• **Required work**:
When you reproduce the data, keep every word exactly as it stands and leave the pictures out.

• **Data block**:
::::

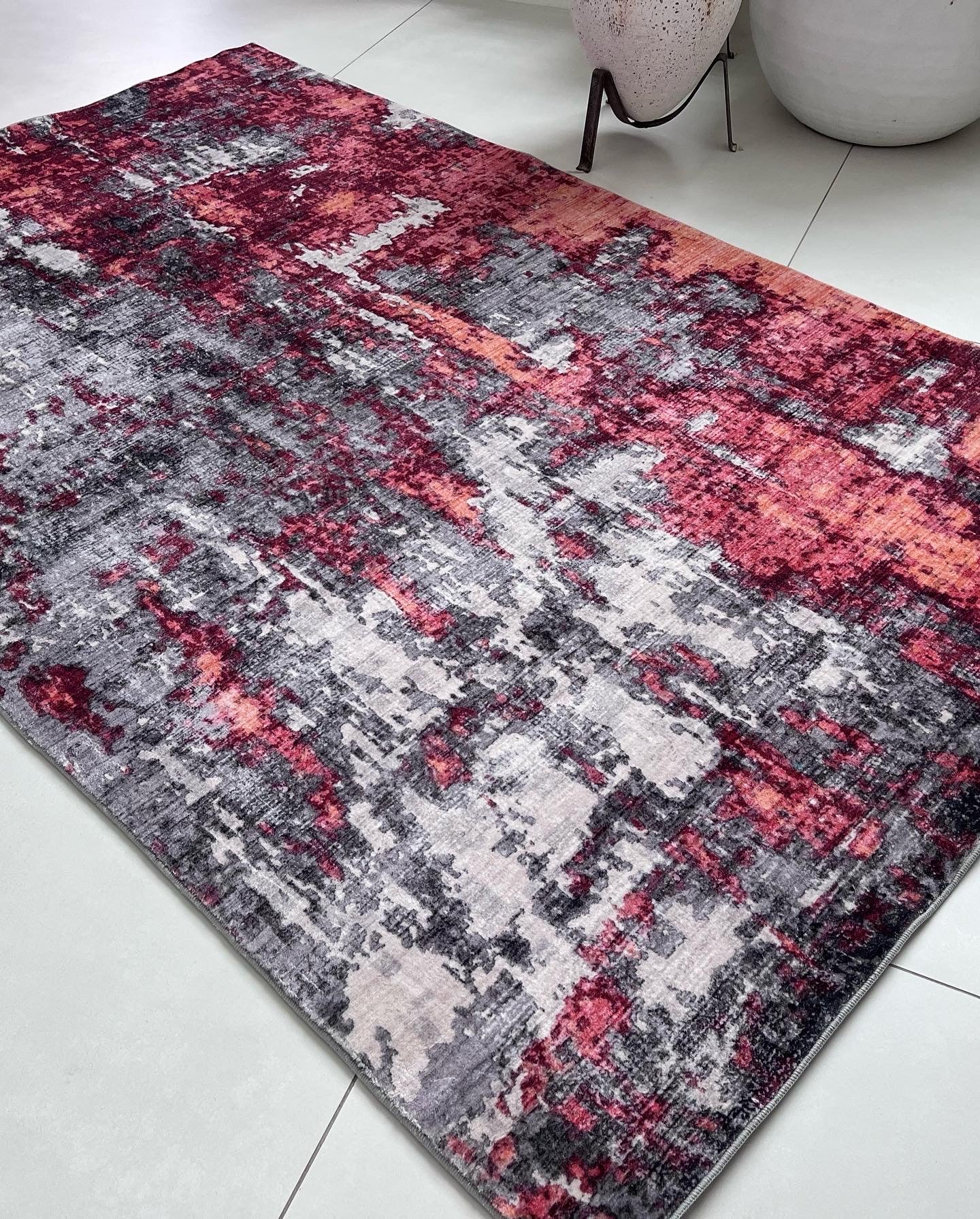 Foldable Anti-Slip Polyester Area Rug | Style# SHAH-26 - Elevate Your Space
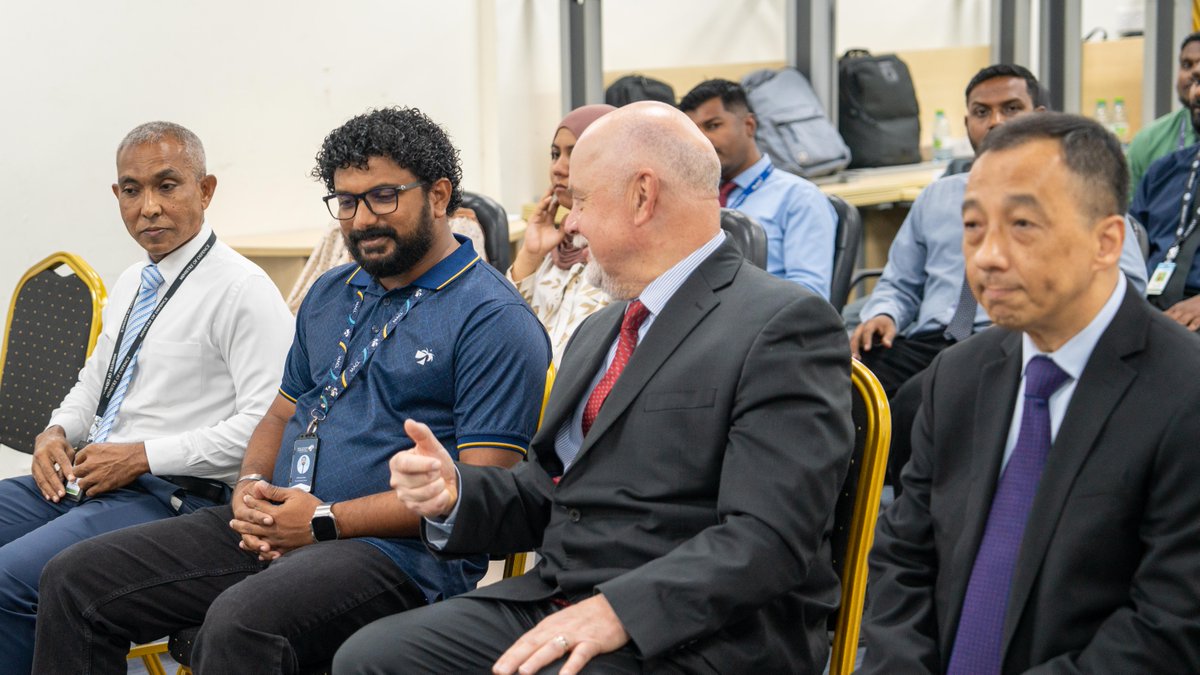 MACLmedia's tweet photo. Our DMD @mohamedlamaan awarded certificates to the participants of the @icao National Instructor Course at Velana International Airport. Congratulations to the 18 participants who successfully completed the course. https://t.co/mLNReXDDp7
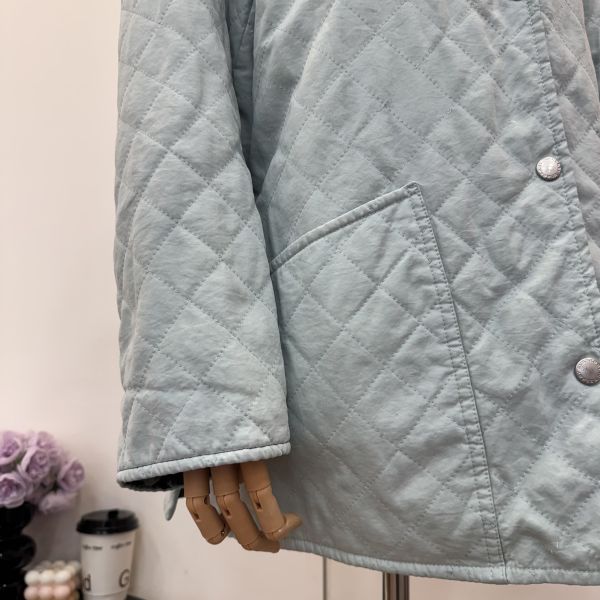 Burberry 淺藍色菱格絎縫外套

::::

• **Answer to this task**:
 Foldable Anti-Slip Polyester Area Rug | Style# SHAH-26 - Elevate Your Space
 MACLmedia's tweet photo. Our DMD @mohamedlamaan awarded certificates to the participants of the @icao National Instructor Course at Velana International Airport. Congratulations to the 18 participants who successfully completed the course. https://t.co/mLNReXDDp7
 Burberry 淺藍色菱格絎縫外套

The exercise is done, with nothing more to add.